<<<<

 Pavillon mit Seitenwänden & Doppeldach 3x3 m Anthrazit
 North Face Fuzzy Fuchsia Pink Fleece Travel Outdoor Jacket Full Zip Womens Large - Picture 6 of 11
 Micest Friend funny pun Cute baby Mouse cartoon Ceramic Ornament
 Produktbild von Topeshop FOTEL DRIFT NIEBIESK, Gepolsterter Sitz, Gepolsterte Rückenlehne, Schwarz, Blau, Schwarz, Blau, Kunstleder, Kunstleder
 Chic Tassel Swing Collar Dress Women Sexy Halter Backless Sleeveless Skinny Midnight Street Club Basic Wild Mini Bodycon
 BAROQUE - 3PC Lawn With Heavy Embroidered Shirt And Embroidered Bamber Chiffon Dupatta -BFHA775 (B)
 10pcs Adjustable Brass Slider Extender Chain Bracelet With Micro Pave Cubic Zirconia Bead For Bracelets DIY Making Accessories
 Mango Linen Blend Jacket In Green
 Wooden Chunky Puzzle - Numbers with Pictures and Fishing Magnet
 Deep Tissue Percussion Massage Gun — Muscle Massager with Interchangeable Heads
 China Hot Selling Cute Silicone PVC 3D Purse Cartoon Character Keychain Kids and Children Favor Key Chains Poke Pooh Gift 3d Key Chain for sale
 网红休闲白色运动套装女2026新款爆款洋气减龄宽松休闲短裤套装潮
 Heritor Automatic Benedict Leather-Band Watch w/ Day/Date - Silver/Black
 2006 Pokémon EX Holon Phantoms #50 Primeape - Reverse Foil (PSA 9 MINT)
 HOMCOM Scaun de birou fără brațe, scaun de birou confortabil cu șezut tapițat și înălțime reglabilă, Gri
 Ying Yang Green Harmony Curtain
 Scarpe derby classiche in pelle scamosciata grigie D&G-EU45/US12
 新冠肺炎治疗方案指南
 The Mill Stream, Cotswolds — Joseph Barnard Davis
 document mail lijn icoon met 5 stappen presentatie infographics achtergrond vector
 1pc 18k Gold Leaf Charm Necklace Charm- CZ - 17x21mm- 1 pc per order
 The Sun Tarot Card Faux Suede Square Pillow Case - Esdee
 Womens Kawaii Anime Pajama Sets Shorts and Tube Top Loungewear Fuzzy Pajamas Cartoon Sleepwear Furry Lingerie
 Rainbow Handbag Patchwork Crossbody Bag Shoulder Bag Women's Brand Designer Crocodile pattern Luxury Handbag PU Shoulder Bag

>>>>

▶ [Task to carry out] Only one stretch of the records above is wanted: the lines between the one holding "Micest Friend funny" and the one holding "The Sun Tarot", inclusive, reproduced exactly.

▶ [Response]
 Micest Friend funny pun Cute baby Mouse cartoon Ceramic Ornament
 Produktbild von Topeshop FOTEL DRIFT NIEBIESK, Gepolsterter Sitz, Gepolsterte Rückenlehne, Schwarz, Blau, Schwarz, Blau, Kunstleder, Kunstleder
 Chic Tassel Swing Collar Dress Women Sexy Halter Backless Sleeveless Skinny Midnight Street Club Basic Wild Mini Bodycon
 BAROQUE - 3PC Lawn With Heavy Embroidered Shirt And Embroidered Bamber Chiffon Dupatta -BFHA775 (B)
 10pcs Adjustable Brass Slider Extender Chain Bracelet With Micro Pave Cubic Zirconia Bead For Bracelets DIY Making Accessories
 Mango Linen Blend Jacket In Green
 Wooden Chunky Puzzle - Numbers with Pictures and Fishing Magnet
 Deep Tissue Percussion Massage Gun — Muscle Massager with Interchangeable Heads
 China Hot Selling Cute Silicone PVC 3D Purse Cartoon Character Keychain Kids and Children Favor Key Chains Poke Pooh Gift 3d Key Chain for sale
 网红休闲白色运动套装女2026新款爆款洋气减龄宽松休闲短裤套装潮
 Heritor Automatic Benedict Leather-Band Watch w/ Day/Date - Silver/Black
 2006 Pokémon EX Holon Phantoms #50 Primeape - Reverse Foil (PSA 9 MINT)
 HOMCOM Scaun de birou fără brațe, scaun de birou confortabil cu șezut tapițat și înălțime reglabilă, Gri
 Ying Yang Green Harmony Curtain
 Scarpe derby classiche in pelle scamosciata grigie D&G-EU45/US12
 新冠肺炎治疗方案指南
 The Mill Stream, Cotswolds — Joseph Barnard Davis
 document mail lijn icoon met 5 stappen presentatie infographics achtergrond vector
 1pc 18k Gold Leaf Charm Necklace Charm- CZ - 17x21mm- 1 pc per order
 The Sun Tarot Card Faux Suede Square Pillow Case - Esdee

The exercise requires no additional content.